仮に今回は黙っておくことがあったとしても、
いずれ劇中では、すべてのことを話すだろう。
そのように話の方向を持っていくのだ。
そこでは、思いの丈や、秘密などを、洗いざらいしゃべるだろう。
特に後半は鬱屈した思いや、隠され続けた秘密が暴露される。
崖の上の犯人の告白もそうだ。
しかし、その言いたいことを全部言ったとして、
それで終わりではない。
言いたいことを言ったら、情報の共有が起こり、
次の行動が起こるのである。
敵の情報を共有すれば、その弱点分析の作戦会議がはじまる。
相手の事情をすべて知ったら、自分に出来ることはないかという決断をする。
犯人の生い立ちは同情に値するが犯罪は犯罪だから逮捕し、
情状酌量の判断をするようにする。(刑事もので人情ものの基本)
家族の秘密を知り、離婚する。または一緒に住もうという。
AとBが付き合っていることが知れ渡り、失恋し、Cにアタックすることに。
などなどだ。
その情報がすべてだ、ということで行動を促してもいいし、
その情報を一部鵜呑みにして行動したがゆえに誤る(勘違い)、
という劇的アイロニーを仕込んでも良い。
いずれにせよ、思うことを全部言う。
そのあとに、誰かが何かの行動をする。
それが物語だ。
それが何回あるか、数えてみよう。
それがターニングポイントの数になるだろう。
若手の短編企画を見ていると、
初期設定→事件があり集まって、言いたいことを全部言う
→はじめての行動→終わり、
というパターンがあまりにも多くてびっくりした。
言えなかった不満を爆発させて、皆が聞いて、よしよし、
というメアリースーコースばかりだった。
その行動が、最初のターニングポイント、つまり、きっかけである。
起承転結なら起だ。
三幕構成なら、ファーストロールの中盤である。
それは冒険のはじまりであり終わりではない。
そこから行動し、リスクを超え、何がしかを勝ち取ることが物語である。
人を集めろ。

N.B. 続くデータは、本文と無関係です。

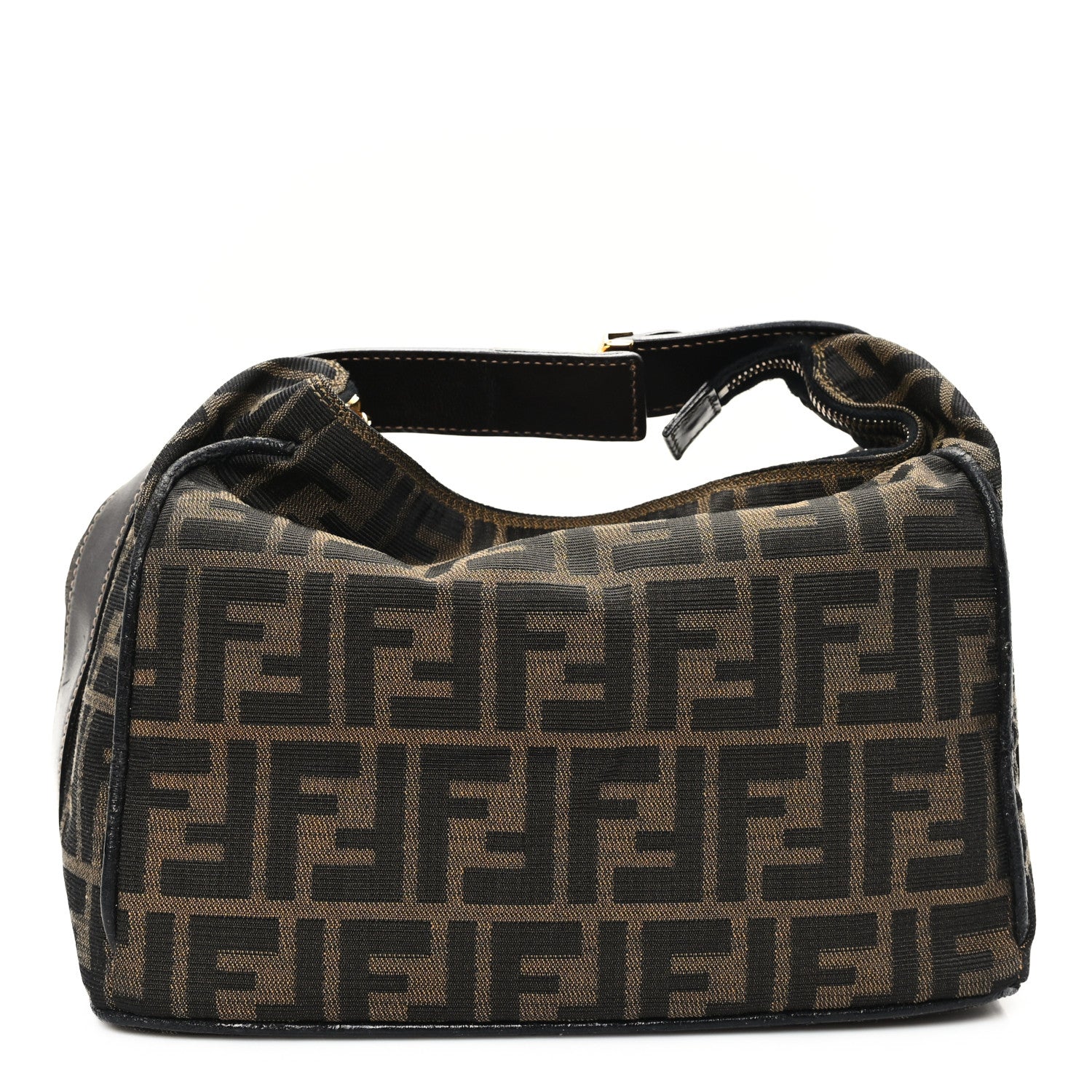 Fendi Zucca Large Cosmetic Bag Tobacco 1 of 9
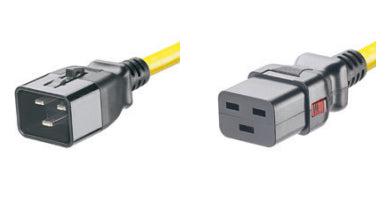 Panduit Lpcb20X Power Cable Yellow 3 M C20 Coupler C19 Coupler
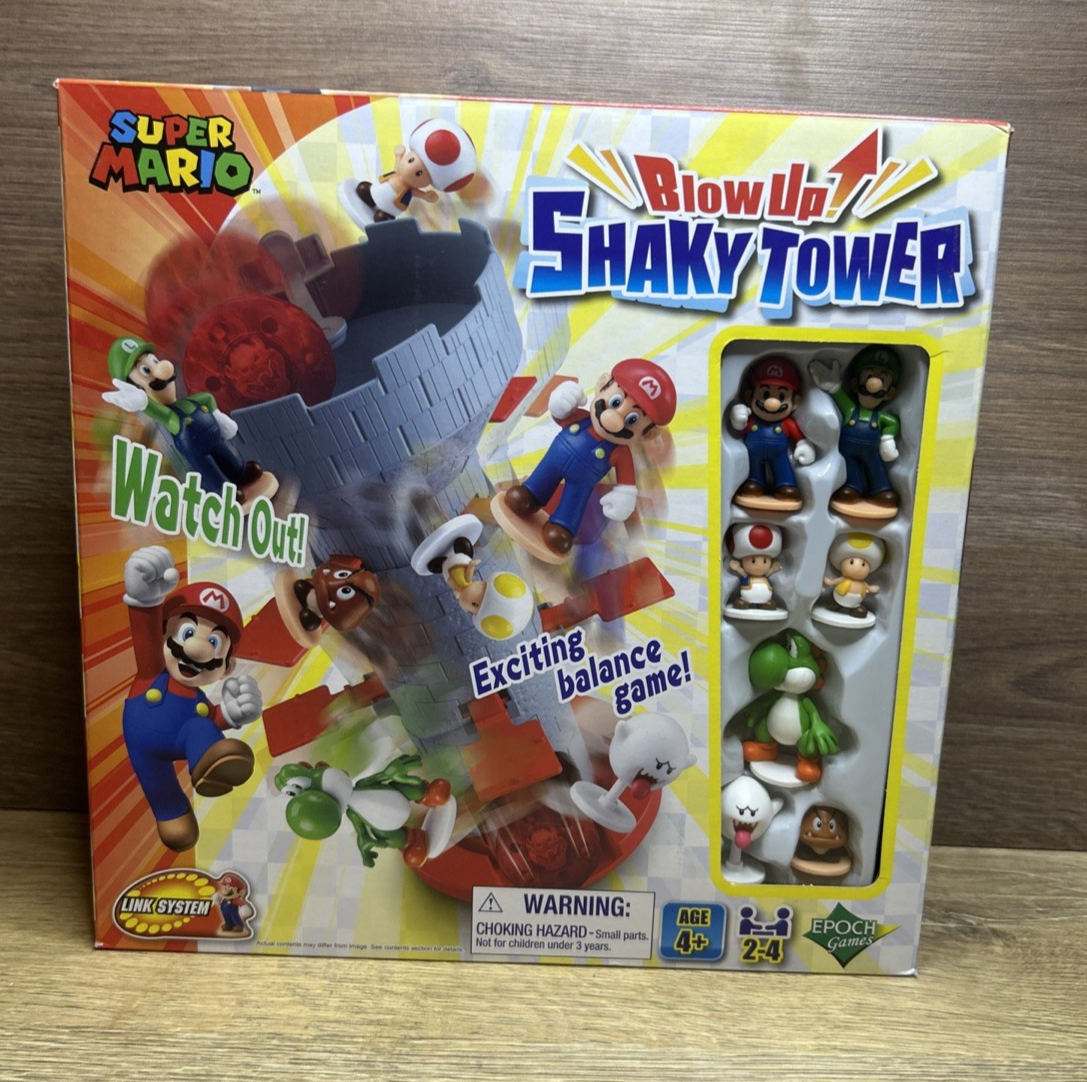EPOCH Super Mario Blow up Shaky Tower Brand New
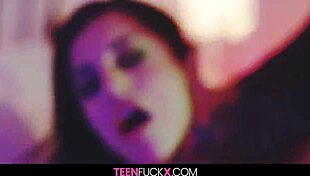 Spanish teen takes fat cock deep in pussy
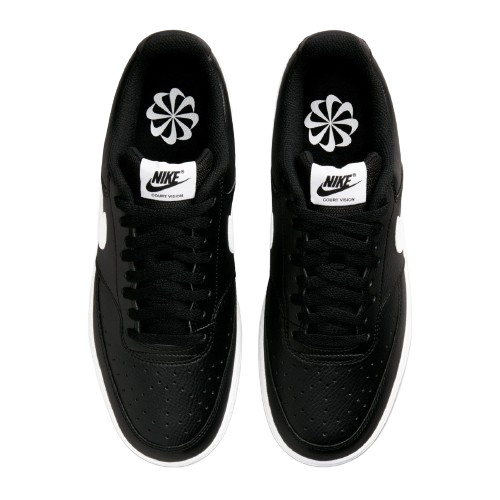 Tenis Nike Modelo Court Vision Color Negro/Blanco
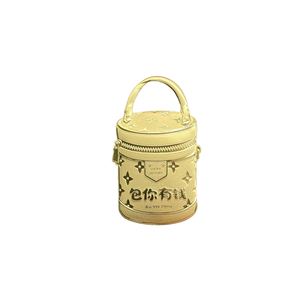 Llaveros de Cuero con Colgantes de Monedas de Oro, Personalización Disponible - Product Image 5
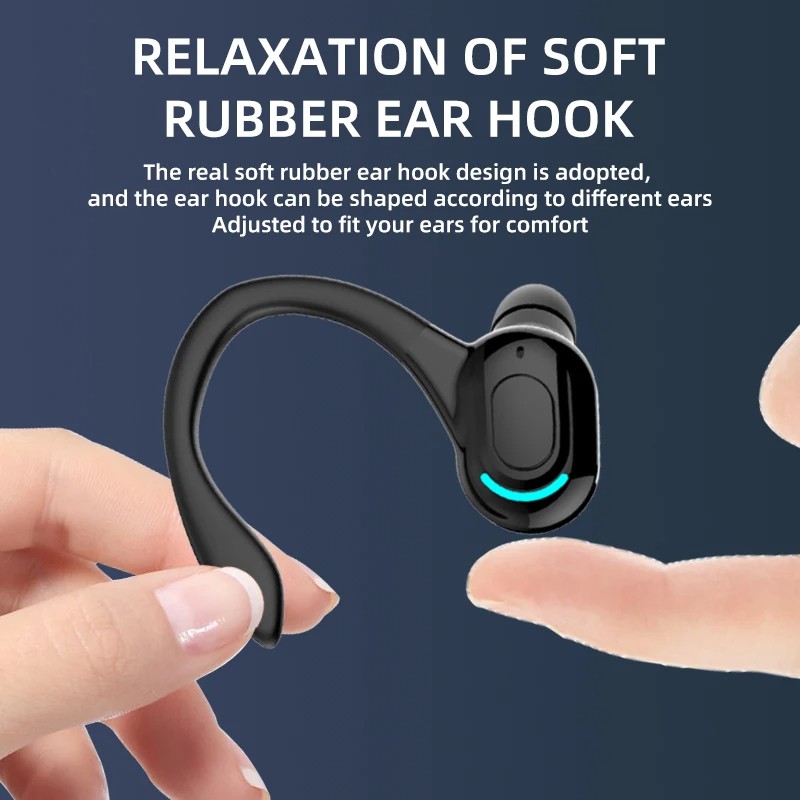 Bluetooth 5.2 Headset Wireless Earbuds Earphones Stereo Headphones Ear Hook Lot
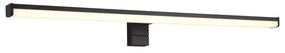 Kinkiet LED w kolorze matowej czerni (dł. 60 cm) Lino – Trio
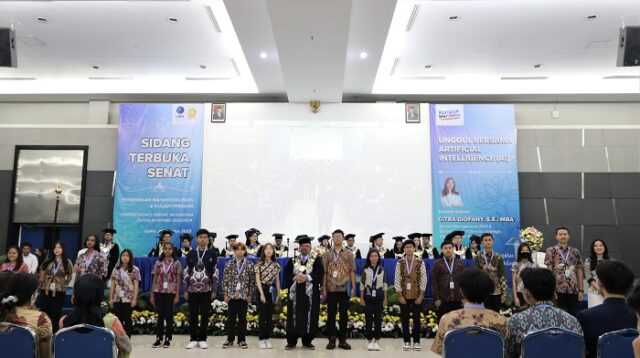 Sesi Pelantikan Mahasiswa Baru Tahun Ajaran 2023 (Dok. UMN)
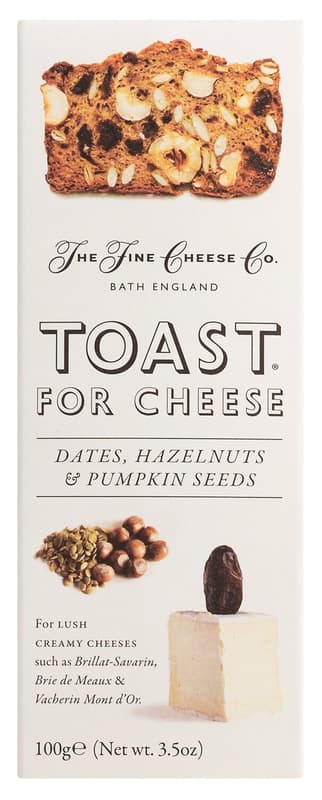 The Fine Cheese Company Toast for Cheese mit Datteln, Haselnüssen & Kürbiskernen
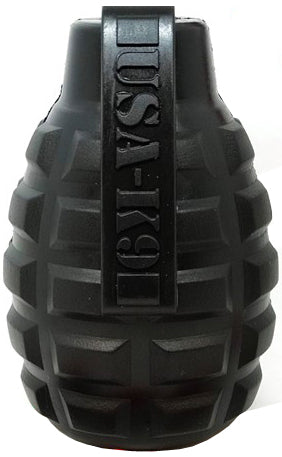 USA-K9 Grenade Shaped eDispenser Durable Dog Chew Toy & Treat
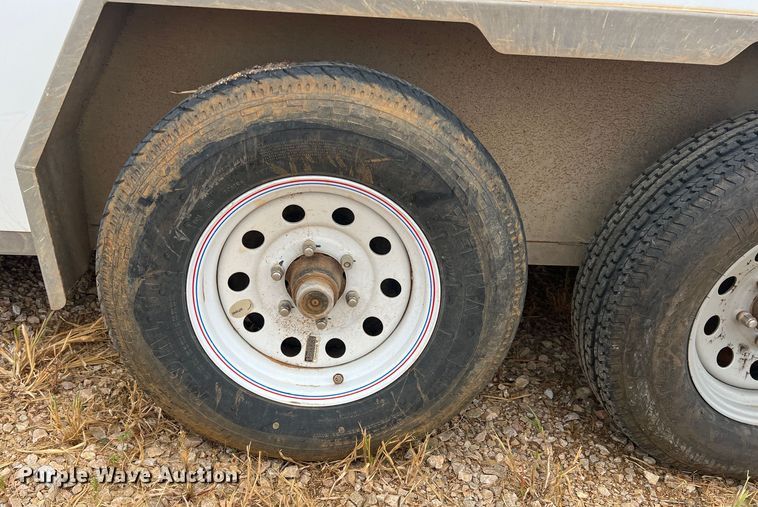 image for item DS2395 2015 Blatz  enclosed cargo trailer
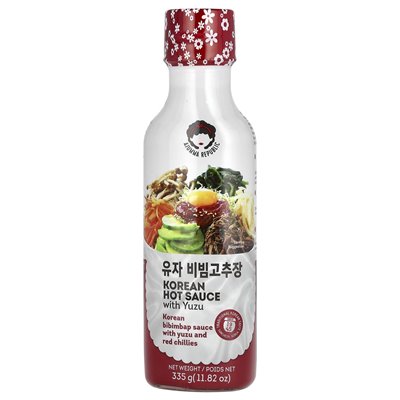 Jayone, Ajumma Republic, Korean Hot Sauce with Yuzu, 11.82 oz (335 g) Jayone, Ajumma Republic, Korean Hot Sauce with Yuzu, 11.82 oz (335 g)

言いたかったことを全部言わせろ。
次に、誰が、何をする? 話は、そこからだ。
そのときに全員を集めないのがコツかも知れない。
誰かと誰かを話させ、
誰か(おおむね主人公)が行動し、
また誰かと誰かと会い、をくり返すと、話が進行するかもしれない。
最後の最後で全員が集まり、(残された)言いたいことをいい、
その雌雄を決する最後の決戦、という構造が、物語かも知れない。
逆に、ラストまで全員を会わせず、
部分で会わせることが、話を引っ張る方法論かも知れない。